Four-dimensional evaluation: color (color presence), shape (shape presence), unique_binding (correct shape-color binding), and spatial_relation (correct spatial relation). Evaluation uses cv2 segmentation and classification tools.

Key Experimental Results¶

Main Results — Model Comparison¶

Model	Color Acc	Shape Acc	Binding Acc	Relation Acc
RTE-DiT-B	High	High	High	High (~67%)
T5-DiT-B	High	High	High	High
RTE (No Pos. Encoding)	High	High	Low	Low
DiT-nano (Any Encoder)	High	Med	Low	Very Low (5%)

Ablation Study — Causal Intervention¶

Intervention	Effect	Description
Ablate L2H8 Relation Attn	Relation Acc 67%→33%	Confirms causal role of relation head
Ablate L4H3 Object Attn	Shape Acc 90%→76%	Confirms causal role of object head
Ablate other heads	Minimal impact	Highly concentrated circuits
T5-DiT Ablate relation words	Minimal impact	Relation info already merged into object tokens
T5-DiT Ablate shape2	All metrics drop 50%	Core information source

Robustness Comparison¶

Perturbation Type	RTE-DiT Relation Acc	T5-DiT Relation Acc
Original Prompt	High	High
Insert "the" fillers	Stable	Large Drop
Synonymous color replacement	Stable	Drop
Sentence reversal	Stable	Drop

Key Findings¶

Modular vs. Compact: RTE-DiT's two-stage circuit is modular (separate processing of relations and objects), whereas T5-DiT's single-token decoding is more compact but less robust.
Text Encoder is the Bottleneck: Although T5's contextual mixing helps faster convergence, it makes DiT's relation representation fragile—filler word perturbations can destroy relation information in shape2.
Positional Encoding is Mandatory: RTE without positional encoding fails to distinguish "A above B" from "B above A" due to text permutation invariance.
Minimum Model Threshold: DiT-nano fails to form spatial relation heads (Relation Acc 5%), indicating a minimum required capacity.
PixArt-Sigma Validation: Similar (though weaker) spatial circuits were found in pre-trained large models, validating the transferability of the analysis tools.

Highlights & Insights¶

The embryonic development analogy is insightful: The spatial gradients produced by relation heads are analogous to molecular gradients guiding cell differentiation—position labels act like morphogens.
Unified two perspectives: Both cross-attention and text encoders participate in spatial relation generation, but the mechanism depends on the choice of encoder.
Vector arithmetic experiments provide strong causal evidence: \(V_{shape2}^* - V_{lower\_left} + 3V_{lower\_right}\) precisely controls object position.
The Attention Synopsis method is a general-purpose tool applicable to analyzing other large DiT models.

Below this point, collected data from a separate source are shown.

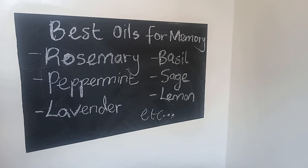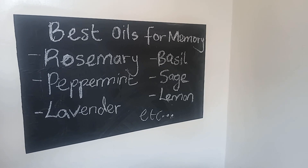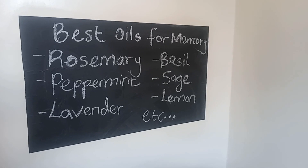So which are the best essential oils to boost memory? We have rosemary, peppermint, lavender, basil, sage, lemon, among many others.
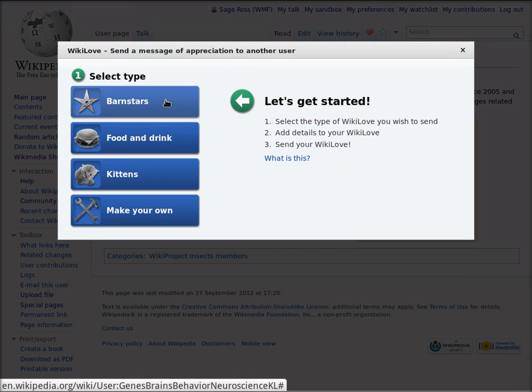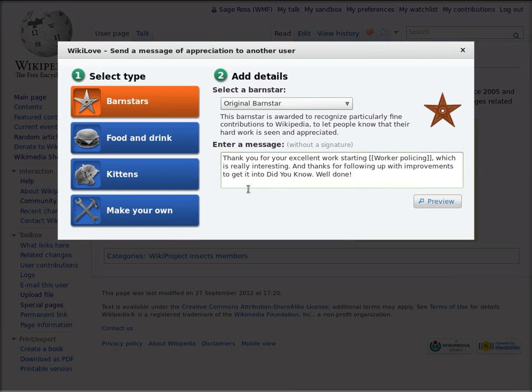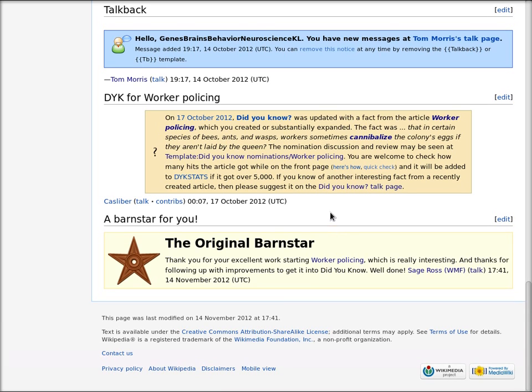I select Barn Star from the Wikilove menu, and I'll stick with the original barn star. There are all kinds of special barn stars for different kinds of work. Then I'll put in my message, and press Preview, and then press Send Wikilove. And now a new section will appear at the bottom of their user talk page with the barn star I just awarded.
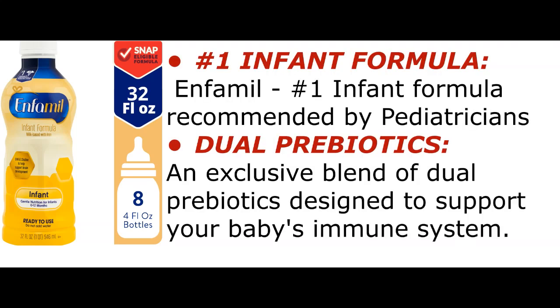Enfamil is the number one infant formula recommended by pediatricians.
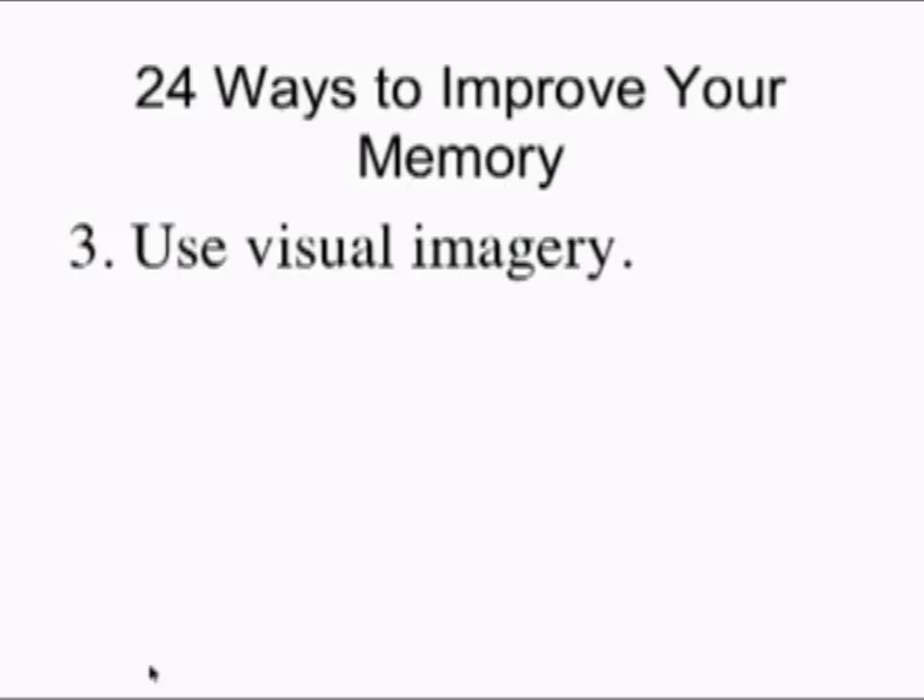Number three, related to that: try to use visual imagery. Whenever possible, try to create a visual image of what you're trying to remember. Sometimes it can be fanciful, sometimes whimsical, but try to create some sort of visual imagery.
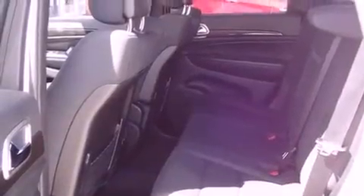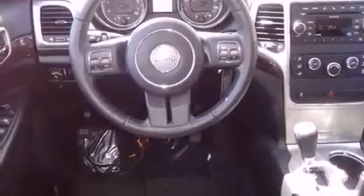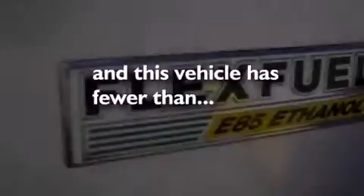Features include satellite radio, a low-tire pressure indicator, cruise control, fog lamps, a stability control system, halogen headlights, disc brakes with an anti-lock braking system, front airbags, air conditioning, and this vehicle has fewer than 28,000 miles on the odometer.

Limitations & Future Work¶

The minimal dataset includes only simple geometric shapes; relation generation circuits for real-world objects may be more complex.
Analysis of pre-trained PixArt-Sigma is preliminary (effective for 8/30 object pairs) and requires systematic validation.
Only 8 spatial relations were analyzed, excluding size relations, containment, etc.
No specific improvement schemes (e.g., designing more robust text encoders) based on the findings were proposed.

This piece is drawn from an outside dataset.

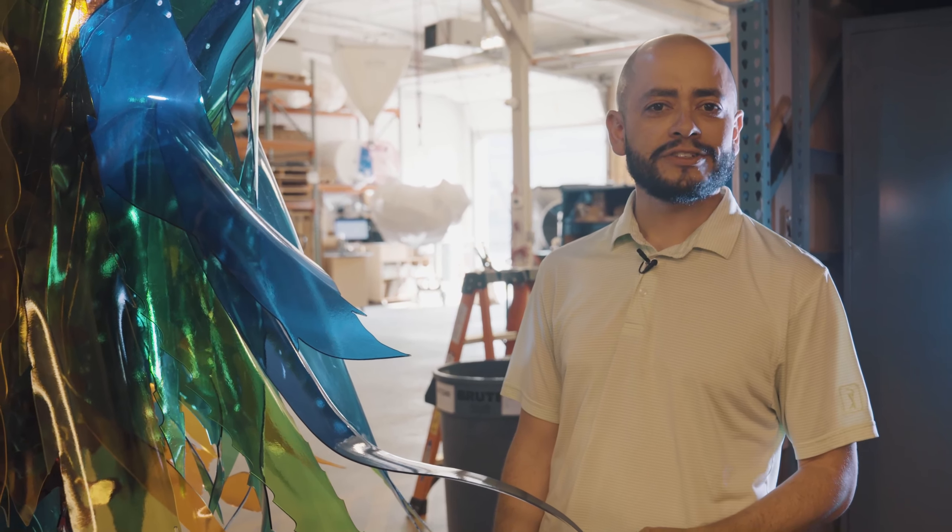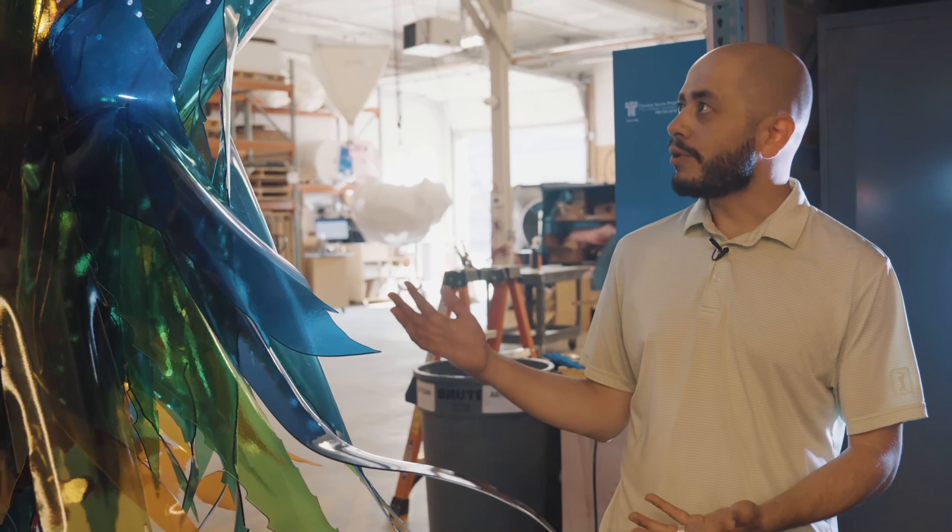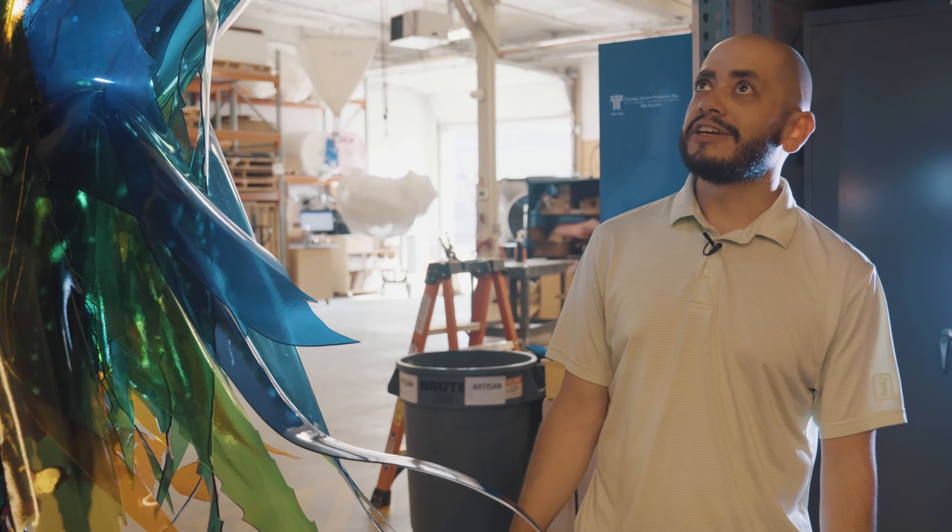My name is Adrian Lopez. I'm from El Paso, Texas. I'm an artist who's been working with light art to create the Desert Agave.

Inherits QK circuit analysis from the Transformer Circuits Thread but applies it to diffusion models for the first time.
Provides crucial guidance for T2I model design: if relation generation is critical, encoders that maintain text token independence should be favored.
Provides a circuit-level explanation for why CLIP and T5 differ in performance as text encoders.

Rating¶

Novelty: ⭐⭐⭐⭐⭐ First to reveal specific circuit mechanisms for DiT spatial relation generation.
Experimental Thoroughness: ⭐⭐⭐⭐⭐ Attention analysis + weight space screening + causal intervention + robustness testing + pre-trained model validation.
Writing Quality: ⭐⭐⭐⭐⭐ Fluid narrative, excellent analogies, and clear illustrations.
Value: ⭐⭐⭐⭐⭐ Significant implications for understanding and improving T2I spatial relation generation.